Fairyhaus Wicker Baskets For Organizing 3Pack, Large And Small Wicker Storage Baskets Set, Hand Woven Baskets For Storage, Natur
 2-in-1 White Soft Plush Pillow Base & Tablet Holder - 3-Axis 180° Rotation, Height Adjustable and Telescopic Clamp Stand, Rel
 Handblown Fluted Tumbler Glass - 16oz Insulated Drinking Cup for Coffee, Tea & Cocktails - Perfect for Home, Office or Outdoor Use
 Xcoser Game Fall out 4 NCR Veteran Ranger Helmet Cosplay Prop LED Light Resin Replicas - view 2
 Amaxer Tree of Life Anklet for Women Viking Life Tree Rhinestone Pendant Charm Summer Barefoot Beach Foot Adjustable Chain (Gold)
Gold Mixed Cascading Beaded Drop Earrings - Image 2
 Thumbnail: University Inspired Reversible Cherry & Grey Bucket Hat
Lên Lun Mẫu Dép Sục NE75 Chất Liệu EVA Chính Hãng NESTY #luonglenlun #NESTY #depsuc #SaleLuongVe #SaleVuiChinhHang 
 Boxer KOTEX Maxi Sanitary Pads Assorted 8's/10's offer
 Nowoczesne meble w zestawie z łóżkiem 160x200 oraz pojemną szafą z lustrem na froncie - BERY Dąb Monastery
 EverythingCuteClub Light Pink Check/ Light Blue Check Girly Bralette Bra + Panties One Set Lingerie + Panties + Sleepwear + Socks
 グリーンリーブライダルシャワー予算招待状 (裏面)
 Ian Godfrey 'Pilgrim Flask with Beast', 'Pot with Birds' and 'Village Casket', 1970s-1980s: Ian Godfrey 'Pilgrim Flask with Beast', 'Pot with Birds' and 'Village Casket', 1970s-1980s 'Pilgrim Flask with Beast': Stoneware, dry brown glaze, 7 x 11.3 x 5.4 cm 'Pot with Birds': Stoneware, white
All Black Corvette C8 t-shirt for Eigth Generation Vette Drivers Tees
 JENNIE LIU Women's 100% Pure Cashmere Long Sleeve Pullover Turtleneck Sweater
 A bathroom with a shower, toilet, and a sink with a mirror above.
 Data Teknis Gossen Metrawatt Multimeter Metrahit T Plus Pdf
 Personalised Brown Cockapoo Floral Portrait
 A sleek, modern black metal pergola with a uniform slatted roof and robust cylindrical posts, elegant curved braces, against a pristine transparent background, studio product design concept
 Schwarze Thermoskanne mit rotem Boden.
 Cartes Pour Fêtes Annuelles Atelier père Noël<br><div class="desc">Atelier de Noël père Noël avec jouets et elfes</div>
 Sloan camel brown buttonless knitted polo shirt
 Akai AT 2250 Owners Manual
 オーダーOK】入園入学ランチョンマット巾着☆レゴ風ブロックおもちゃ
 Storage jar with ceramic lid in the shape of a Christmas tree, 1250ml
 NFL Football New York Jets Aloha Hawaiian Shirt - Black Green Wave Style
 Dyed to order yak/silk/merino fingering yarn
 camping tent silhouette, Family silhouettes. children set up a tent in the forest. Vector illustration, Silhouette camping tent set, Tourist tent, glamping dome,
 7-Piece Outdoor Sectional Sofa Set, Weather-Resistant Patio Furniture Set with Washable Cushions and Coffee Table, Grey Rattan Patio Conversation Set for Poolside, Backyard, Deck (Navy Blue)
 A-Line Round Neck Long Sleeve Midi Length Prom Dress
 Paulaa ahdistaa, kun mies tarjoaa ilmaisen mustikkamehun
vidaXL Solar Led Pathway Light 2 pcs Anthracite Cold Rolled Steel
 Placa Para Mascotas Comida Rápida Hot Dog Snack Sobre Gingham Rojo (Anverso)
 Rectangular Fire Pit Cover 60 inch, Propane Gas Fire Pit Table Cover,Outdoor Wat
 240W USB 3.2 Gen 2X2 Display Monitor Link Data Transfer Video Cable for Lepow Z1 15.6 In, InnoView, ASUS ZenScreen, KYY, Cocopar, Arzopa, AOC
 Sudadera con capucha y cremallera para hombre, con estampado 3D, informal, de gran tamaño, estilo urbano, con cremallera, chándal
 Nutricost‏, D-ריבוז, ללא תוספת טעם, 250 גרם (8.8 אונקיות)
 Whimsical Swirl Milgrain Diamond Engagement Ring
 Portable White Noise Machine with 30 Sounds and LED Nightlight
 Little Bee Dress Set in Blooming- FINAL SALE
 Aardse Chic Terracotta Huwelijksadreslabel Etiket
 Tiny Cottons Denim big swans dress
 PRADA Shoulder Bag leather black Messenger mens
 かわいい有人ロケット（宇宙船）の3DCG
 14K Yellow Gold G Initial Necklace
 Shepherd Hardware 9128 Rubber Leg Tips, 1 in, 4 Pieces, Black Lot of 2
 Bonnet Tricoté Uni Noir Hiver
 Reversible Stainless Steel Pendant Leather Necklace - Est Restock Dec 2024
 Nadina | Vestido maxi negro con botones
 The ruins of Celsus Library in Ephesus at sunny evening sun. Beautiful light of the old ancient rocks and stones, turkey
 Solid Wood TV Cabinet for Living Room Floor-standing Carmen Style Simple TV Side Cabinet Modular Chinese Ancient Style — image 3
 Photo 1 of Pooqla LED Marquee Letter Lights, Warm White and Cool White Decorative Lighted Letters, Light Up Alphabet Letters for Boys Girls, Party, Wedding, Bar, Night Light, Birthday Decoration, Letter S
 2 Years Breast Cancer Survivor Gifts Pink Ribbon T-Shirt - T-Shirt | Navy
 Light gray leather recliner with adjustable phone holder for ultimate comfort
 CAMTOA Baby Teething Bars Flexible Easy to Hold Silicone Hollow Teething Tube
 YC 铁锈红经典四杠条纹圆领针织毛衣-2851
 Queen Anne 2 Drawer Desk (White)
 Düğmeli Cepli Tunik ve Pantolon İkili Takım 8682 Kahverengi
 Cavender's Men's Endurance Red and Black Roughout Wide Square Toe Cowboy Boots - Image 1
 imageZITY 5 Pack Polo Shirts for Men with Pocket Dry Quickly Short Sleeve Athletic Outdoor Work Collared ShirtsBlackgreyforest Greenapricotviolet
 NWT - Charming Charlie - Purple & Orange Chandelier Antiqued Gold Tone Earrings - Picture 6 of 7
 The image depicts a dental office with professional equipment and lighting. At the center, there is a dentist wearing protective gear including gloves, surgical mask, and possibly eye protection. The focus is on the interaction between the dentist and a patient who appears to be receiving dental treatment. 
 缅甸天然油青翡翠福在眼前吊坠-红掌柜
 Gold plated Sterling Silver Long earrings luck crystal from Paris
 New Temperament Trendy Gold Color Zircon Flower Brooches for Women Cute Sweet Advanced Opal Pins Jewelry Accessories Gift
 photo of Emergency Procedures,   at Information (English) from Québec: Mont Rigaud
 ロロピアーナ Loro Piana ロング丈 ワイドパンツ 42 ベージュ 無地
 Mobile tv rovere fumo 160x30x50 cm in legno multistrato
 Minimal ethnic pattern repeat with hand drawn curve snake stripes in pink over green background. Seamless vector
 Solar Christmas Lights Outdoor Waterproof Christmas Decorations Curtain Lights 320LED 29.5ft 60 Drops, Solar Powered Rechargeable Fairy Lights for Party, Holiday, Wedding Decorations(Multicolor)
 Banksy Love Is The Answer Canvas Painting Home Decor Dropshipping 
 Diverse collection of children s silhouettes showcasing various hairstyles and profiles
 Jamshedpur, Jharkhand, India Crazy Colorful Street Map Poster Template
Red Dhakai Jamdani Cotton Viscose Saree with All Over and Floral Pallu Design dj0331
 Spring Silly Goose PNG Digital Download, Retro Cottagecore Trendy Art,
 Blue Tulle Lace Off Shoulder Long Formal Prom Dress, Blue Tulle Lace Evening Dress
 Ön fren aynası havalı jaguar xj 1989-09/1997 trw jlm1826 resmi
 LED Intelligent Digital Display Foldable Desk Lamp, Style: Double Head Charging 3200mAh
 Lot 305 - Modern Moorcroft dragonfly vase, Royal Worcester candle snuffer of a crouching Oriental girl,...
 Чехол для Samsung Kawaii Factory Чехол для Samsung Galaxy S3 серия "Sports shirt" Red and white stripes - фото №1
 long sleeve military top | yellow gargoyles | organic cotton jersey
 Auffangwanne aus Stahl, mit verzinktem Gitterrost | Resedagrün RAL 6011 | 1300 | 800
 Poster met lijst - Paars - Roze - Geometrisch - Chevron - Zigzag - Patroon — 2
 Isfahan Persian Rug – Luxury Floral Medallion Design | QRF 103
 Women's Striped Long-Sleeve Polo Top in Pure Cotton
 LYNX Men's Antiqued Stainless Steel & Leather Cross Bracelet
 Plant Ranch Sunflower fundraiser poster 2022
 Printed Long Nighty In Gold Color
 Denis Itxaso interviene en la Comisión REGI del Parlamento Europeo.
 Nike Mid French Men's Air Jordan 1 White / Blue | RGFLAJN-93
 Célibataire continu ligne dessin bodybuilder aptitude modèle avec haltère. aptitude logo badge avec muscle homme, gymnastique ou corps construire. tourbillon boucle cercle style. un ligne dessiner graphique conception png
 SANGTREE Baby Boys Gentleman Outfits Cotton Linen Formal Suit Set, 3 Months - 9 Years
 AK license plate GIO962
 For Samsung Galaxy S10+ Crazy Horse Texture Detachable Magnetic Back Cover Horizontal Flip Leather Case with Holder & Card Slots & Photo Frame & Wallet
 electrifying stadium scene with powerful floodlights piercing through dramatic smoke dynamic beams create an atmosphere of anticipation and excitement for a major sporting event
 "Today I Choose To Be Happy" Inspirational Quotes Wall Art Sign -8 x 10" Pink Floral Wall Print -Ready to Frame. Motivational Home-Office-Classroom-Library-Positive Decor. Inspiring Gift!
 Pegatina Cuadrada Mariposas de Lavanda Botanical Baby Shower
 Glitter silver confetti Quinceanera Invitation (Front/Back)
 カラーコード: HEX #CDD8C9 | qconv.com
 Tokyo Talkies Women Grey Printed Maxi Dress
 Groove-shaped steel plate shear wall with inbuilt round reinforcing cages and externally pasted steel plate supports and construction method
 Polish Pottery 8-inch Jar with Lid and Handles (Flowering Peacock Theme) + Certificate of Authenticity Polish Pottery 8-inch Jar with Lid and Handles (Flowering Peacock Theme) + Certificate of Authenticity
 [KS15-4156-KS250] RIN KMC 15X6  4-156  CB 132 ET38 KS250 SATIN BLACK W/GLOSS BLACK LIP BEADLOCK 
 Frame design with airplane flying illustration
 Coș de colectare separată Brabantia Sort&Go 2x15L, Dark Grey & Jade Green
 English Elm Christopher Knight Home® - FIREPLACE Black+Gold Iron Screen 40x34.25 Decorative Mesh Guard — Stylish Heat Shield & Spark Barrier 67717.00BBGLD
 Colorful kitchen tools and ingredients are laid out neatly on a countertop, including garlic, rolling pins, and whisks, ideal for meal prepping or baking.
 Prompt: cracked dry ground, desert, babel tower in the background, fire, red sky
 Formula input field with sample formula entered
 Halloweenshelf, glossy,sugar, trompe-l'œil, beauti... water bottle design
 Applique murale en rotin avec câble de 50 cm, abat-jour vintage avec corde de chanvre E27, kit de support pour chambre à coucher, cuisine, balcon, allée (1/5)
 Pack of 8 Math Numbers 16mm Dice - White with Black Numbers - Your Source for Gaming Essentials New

• • • • •

Brief —
From the opening line of the data above through the line holding "Personalised Brown Cockapoo Floral Portrait", give every line again exactly as it stands.

Finished task —
Fairyhaus Wicker Baskets For Organizing 3Pack, Large And Small Wicker Storage Baskets Set, Hand Woven Baskets For Storage, Natur
 2-in-1 White Soft Plush Pillow Base & Tablet Holder - 3-Axis 180° Rotation, Height Adjustable and Telescopic Clamp Stand, Rel
 Handblown Fluted Tumbler Glass - 16oz Insulated Drinking Cup for Coffee, Tea & Cocktails - Perfect for Home, Office or Outdoor Use
 Xcoser Game Fall out 4 NCR Veteran Ranger Helmet Cosplay Prop LED Light Resin Replicas - view 2
 Amaxer Tree of Life Anklet for Women Viking Life Tree Rhinestone Pendant Charm Summer Barefoot Beach Foot Adjustable Chain (Gold)
Gold Mixed Cascading Beaded Drop Earrings - Image 2
 Thumbnail: University Inspired Reversible Cherry & Grey Bucket Hat
Lên Lun Mẫu Dép Sục NE75 Chất Liệu EVA Chính Hãng NESTY #luonglenlun #NESTY #depsuc #SaleLuongVe #SaleVuiChinhHang 
 Boxer KOTEX Maxi Sanitary Pads Assorted 8's/10's offer
 Nowoczesne meble w zestawie z łóżkiem 160x200 oraz pojemną szafą z lustrem na froncie - BERY Dąb Monastery
 EverythingCuteClub Light Pink Check/ Light Blue Check Girly Bralette Bra + Panties One Set Lingerie + Panties + Sleepwear + Socks
 グリーンリーブライダルシャワー予算招待状 (裏面)
 Ian Godfrey 'Pilgrim Flask with Beast', 'Pot with Birds' and 'Village Casket', 1970s-1980s: Ian Godfrey 'Pilgrim Flask with Beast', 'Pot with Birds' and 'Village Casket', 1970s-1980s 'Pilgrim Flask with Beast': Stoneware, dry brown glaze, 7 x 11.3 x 5.4 cm 'Pot with Birds': Stoneware, white
All Black Corvette C8 t-shirt for Eigth Generation Vette Drivers Tees
 JENNIE LIU Women's 100% Pure Cashmere Long Sleeve Pullover Turtleneck Sweater
 A bathroom with a shower, toilet, and a sink with a mirror above.
 Data Teknis Gossen Metrawatt Multimeter Metrahit T Plus Pdf
 Personalised Brown Cockapoo Floral Portrait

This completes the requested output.